__Exercise goal__
Your reply is to be the lines below, exactly as written, with images omitted.
Start of Dataset extract
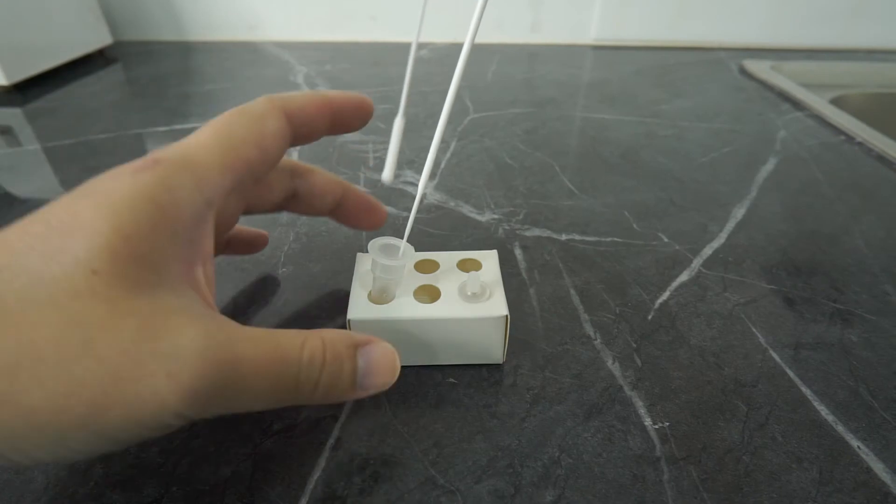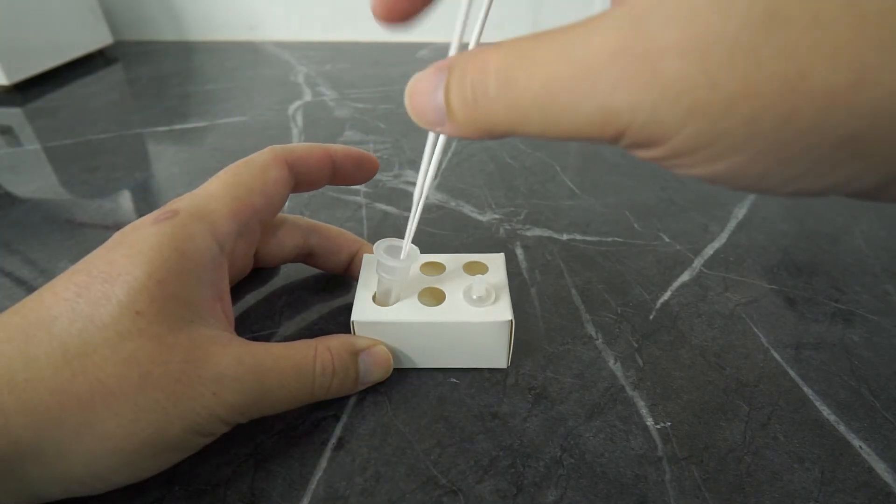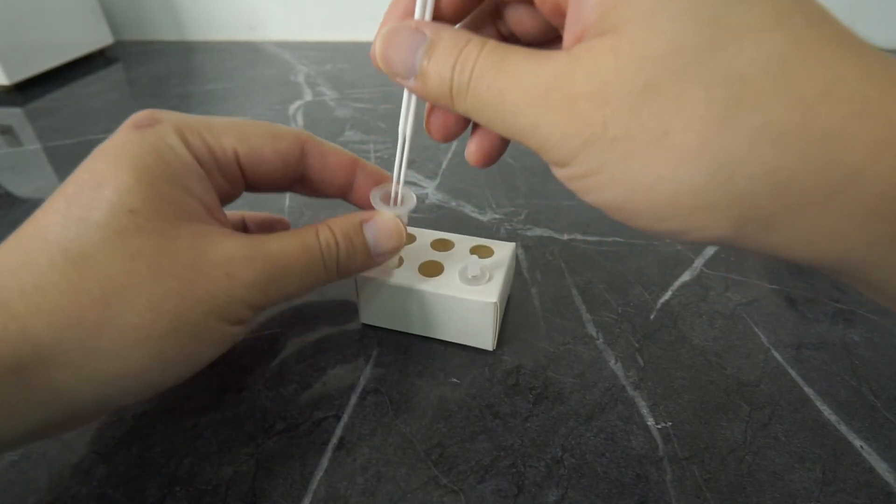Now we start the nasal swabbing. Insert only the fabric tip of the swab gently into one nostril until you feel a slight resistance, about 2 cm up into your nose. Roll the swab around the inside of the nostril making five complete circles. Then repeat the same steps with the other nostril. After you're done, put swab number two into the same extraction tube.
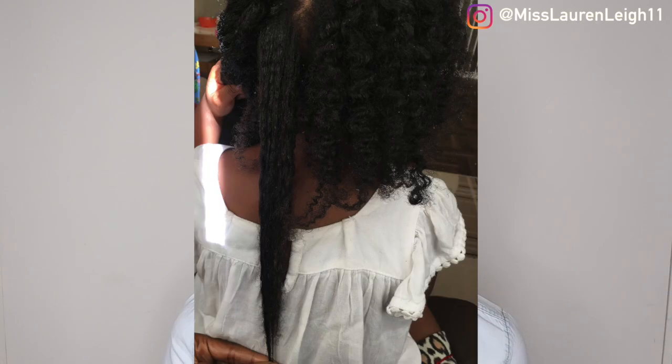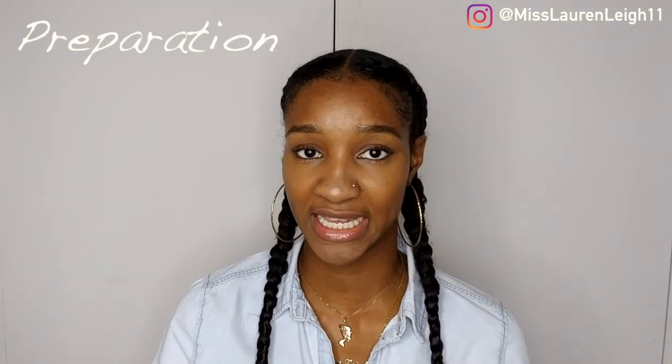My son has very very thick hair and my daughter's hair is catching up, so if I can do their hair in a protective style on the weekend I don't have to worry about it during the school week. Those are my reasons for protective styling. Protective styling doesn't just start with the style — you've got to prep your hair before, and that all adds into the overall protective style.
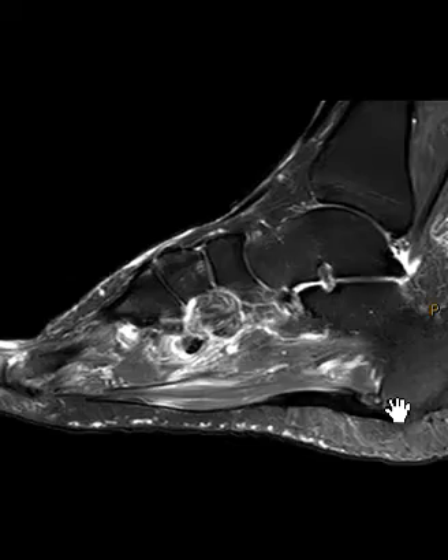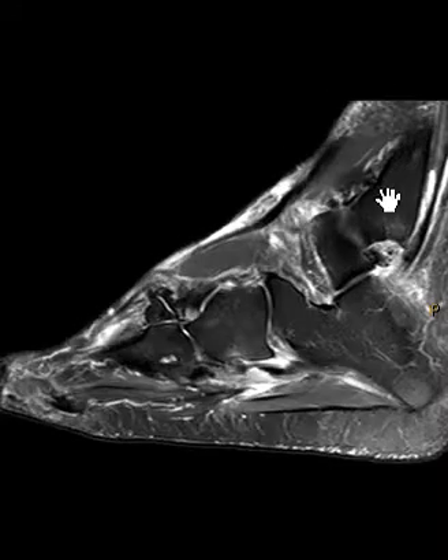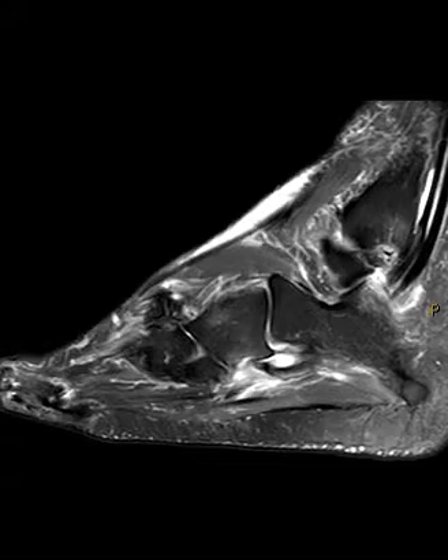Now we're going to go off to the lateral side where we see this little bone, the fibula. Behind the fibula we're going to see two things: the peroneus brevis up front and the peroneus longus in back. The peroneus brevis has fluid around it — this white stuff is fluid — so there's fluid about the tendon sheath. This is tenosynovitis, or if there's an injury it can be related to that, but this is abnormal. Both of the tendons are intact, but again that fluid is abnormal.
End of Dataset extract
__Answer__
Now we start the nasal swabbing. Insert only the fabric tip of the swab gently into one nostril until you feel a slight resistance, about 2 cm up into your nose. Roll the swab around the inside of the nostril making five complete circles. Then repeat the same steps with the other nostril. After you're done, put swab number two into the same extraction tube.
My son has very very thick hair and my daughter's hair is catching up, so if I can do their hair in a protective style on the weekend I don't have to worry about it during the school week. Those are my reasons for protective styling. Protective styling doesn't just start with the style — you've got to prep your hair before, and that all adds into the overall protective style.
Now we're going to go off to the lateral side where we see this little bone, the fibula. Behind the fibula we're going to see two things: the peroneus brevis up front and the peroneus longus in back. The peroneus brevis has fluid around it — this white stuff is fluid — so there's fluid about the tendon sheath. This is tenosynovitis, or if there's an injury it can be related to that, but this is abnormal. Both of the tendons are intact, but again that fluid is abnormal.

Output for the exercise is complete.